From The New York Times:
Thomas Jefferson’s mother, who came from a rich and influential Virginia family, was in the first generation of colonial women brought up to run a plantation. But although her husband died when Jefferson was only 14, she allowed his executors to manage her son’s inheritance. And when Jefferson married a wealthy widow, Martha Wayles Skelton, he added to that estate. Martha was not only rich, she was also beautiful, and she shared Jefferson’s love of music. With her he pursued his dream of domestic tranquility — one in which he ran the plantation and she organized the household. Women, Jefferson believed, should not “wrinkle their foreheads with politics” but instead “soothe and calm the minds of their husbands.” There are no surviving letters between Jefferson and his wife, or between Jefferson and his mother, and too often Scharff must resort to phrases like “We have no way of knowing” and “She may have disagreed.” Sometimes, though, an entry in an account book succeeds in bringing Martha alive — when, say, a little sketch of two birds summons up the image of her doodling and dreaming over her housekeeping. It’s only Jefferson’s grief after her death, in 1782, that opens a window onto their relationship. For weeks he shut himself in his room or feverishly roamed the forests and mountains.

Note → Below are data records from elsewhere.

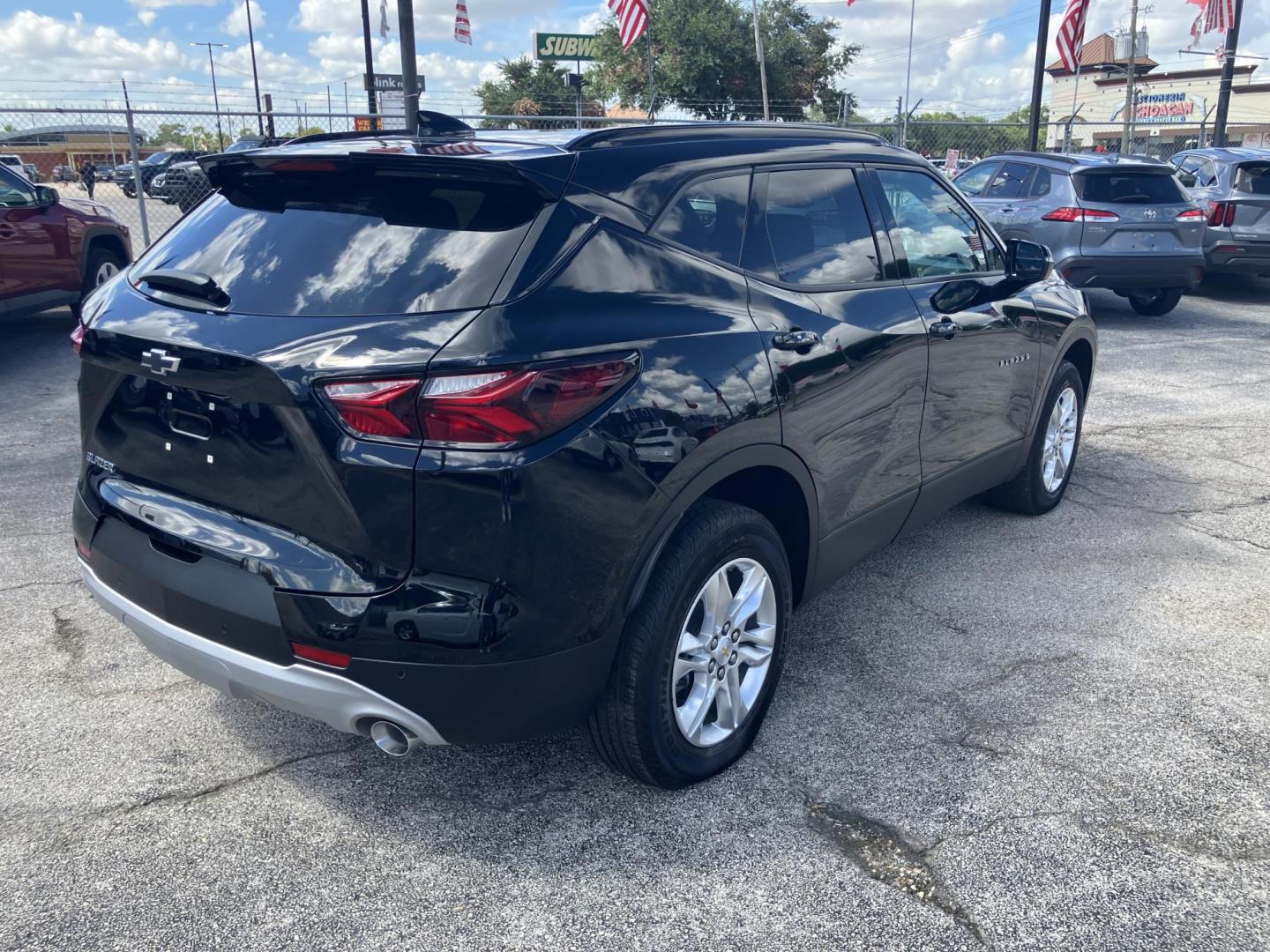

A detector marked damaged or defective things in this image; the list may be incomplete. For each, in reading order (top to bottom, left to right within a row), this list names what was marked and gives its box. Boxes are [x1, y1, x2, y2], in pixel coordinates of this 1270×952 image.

pavement crack [113, 740, 358, 817]
cracked asphalt [2, 286, 1270, 952]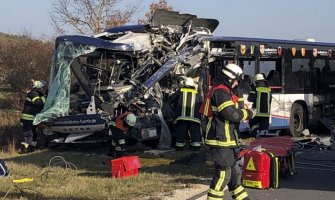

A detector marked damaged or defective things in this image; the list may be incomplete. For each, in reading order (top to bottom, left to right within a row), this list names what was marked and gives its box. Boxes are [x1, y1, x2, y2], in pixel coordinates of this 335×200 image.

crashed bus [33, 9, 335, 148]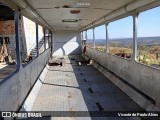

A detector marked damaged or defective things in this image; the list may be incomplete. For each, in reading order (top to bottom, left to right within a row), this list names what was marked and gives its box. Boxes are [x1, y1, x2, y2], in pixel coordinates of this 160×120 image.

corroded floor panel [31, 55, 143, 120]
rusted metal floor [31, 55, 144, 120]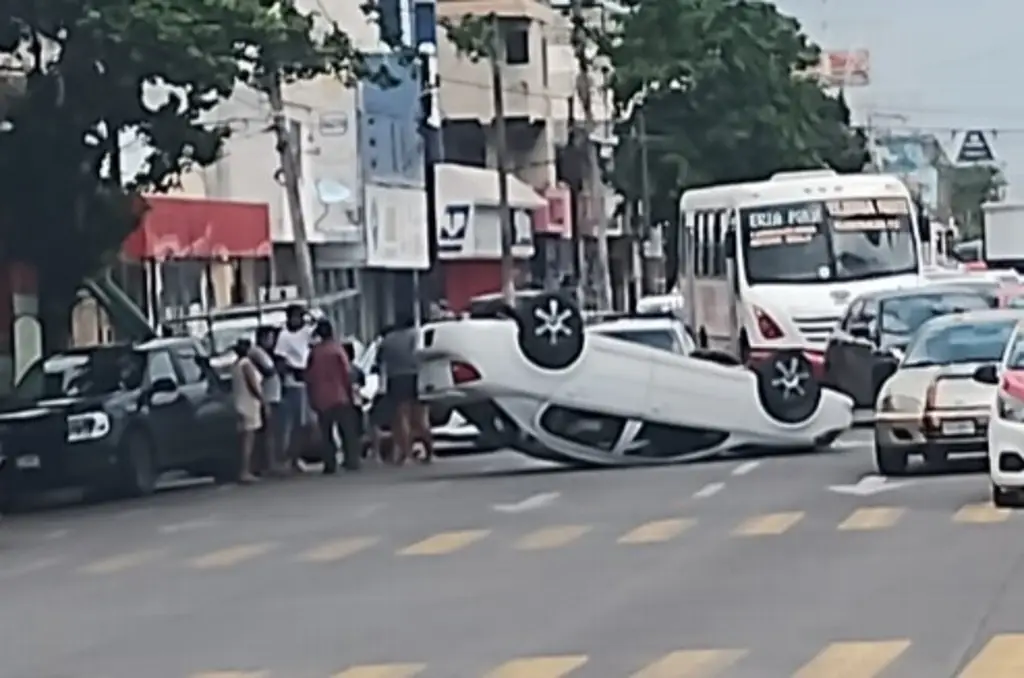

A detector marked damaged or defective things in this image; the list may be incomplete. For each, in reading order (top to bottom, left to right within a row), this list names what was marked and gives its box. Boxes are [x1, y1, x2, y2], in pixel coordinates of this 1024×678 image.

overturned white car [411, 292, 851, 467]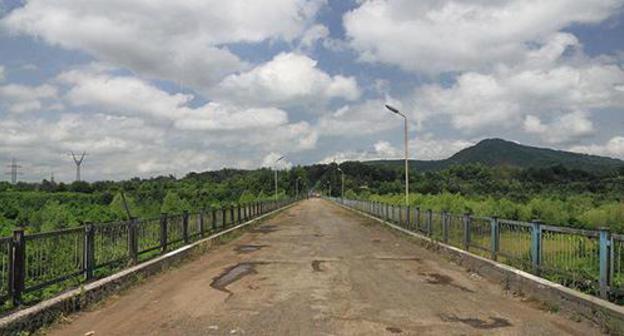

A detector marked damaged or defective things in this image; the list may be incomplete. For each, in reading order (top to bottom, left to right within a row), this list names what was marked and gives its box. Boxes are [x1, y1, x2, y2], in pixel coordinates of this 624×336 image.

pothole in road [211, 262, 266, 296]
pothole in road [422, 272, 476, 292]
pothole in road [438, 314, 512, 330]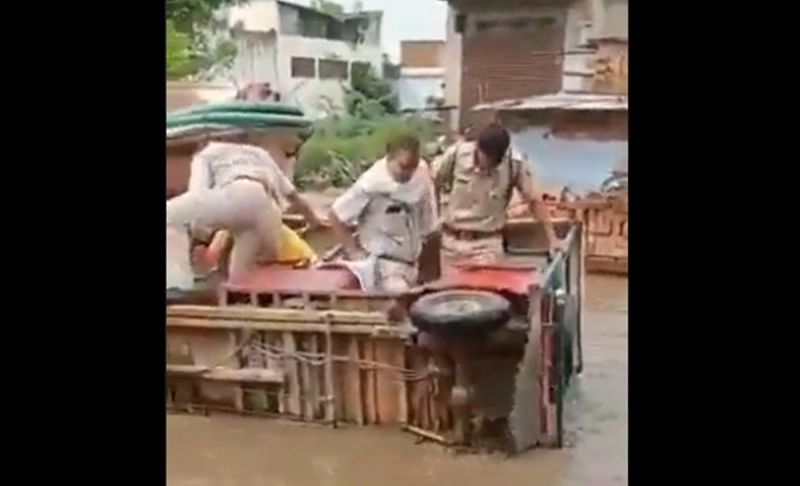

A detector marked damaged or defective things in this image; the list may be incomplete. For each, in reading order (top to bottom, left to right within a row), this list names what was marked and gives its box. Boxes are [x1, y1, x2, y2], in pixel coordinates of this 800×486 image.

rusty metal roof [472, 92, 628, 112]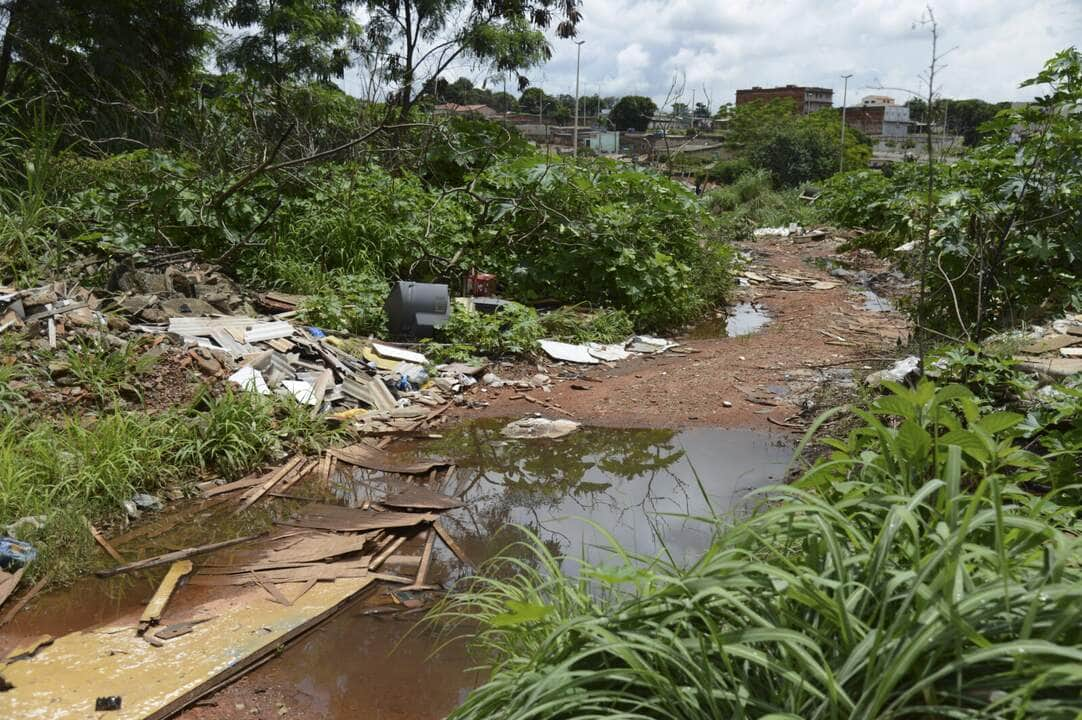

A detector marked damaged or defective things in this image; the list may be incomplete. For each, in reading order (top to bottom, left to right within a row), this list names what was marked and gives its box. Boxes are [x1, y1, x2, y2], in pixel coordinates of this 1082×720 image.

broken wooden board [1017, 333, 1077, 352]
broken wooden board [328, 441, 447, 474]
broken wooden board [380, 485, 460, 508]
broken wooden board [283, 502, 439, 530]
broken wooden board [138, 558, 193, 632]
broken wooden board [0, 576, 374, 718]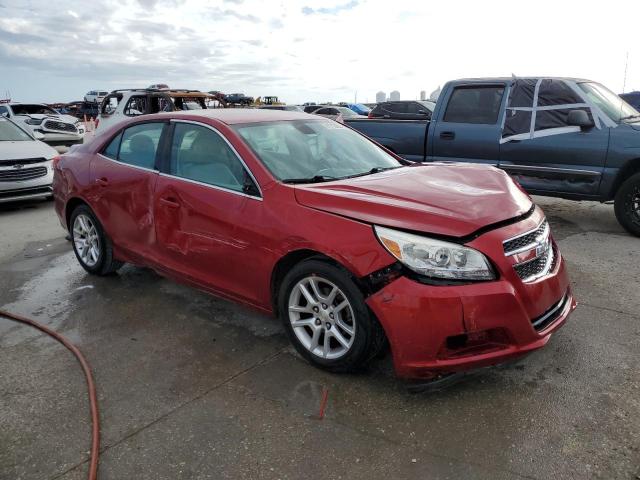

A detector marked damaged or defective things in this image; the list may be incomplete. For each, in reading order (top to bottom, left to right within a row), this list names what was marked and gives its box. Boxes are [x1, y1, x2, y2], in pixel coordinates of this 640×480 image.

damaged red car [52, 109, 576, 378]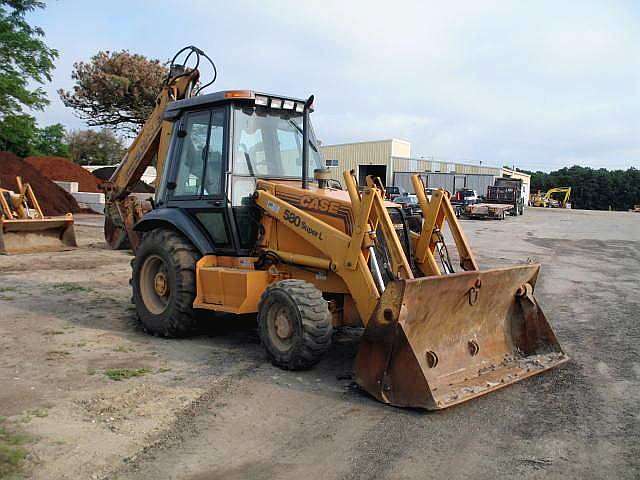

Two years later, Jefferson traveled to Paris with his oldest daughter, Patsy, to join Benjamin Franklin and John Adams as an American diplomat in Europe, leaving his two younger daughters, Polly and Lucy, behind. When he received news that Lucy had died of the whooping cough, he once again fell into a deep depression. In the aftermath, he sent for Polly, who crossed the Atlantic at the age of 9, accompanied by 14-year-old Sally Hemings, a slave who was also Martha Jefferson’s half-sister. (She was the daughter of Jefferson’s father-in-law, John Wayles, and his slave Elizabeth Hemings.) As Annette Gordon-Reed has convincingly argued in “The Hemingses of Monticello,” it was in Paris that Sally probably began her lifelong job as Jefferson’s chambermaid — and also became his mistress. Like his father-in-law, Jefferson would have a shadow family: Sally and their children. His was a world of complicated relationships hidden behind a veil of silence.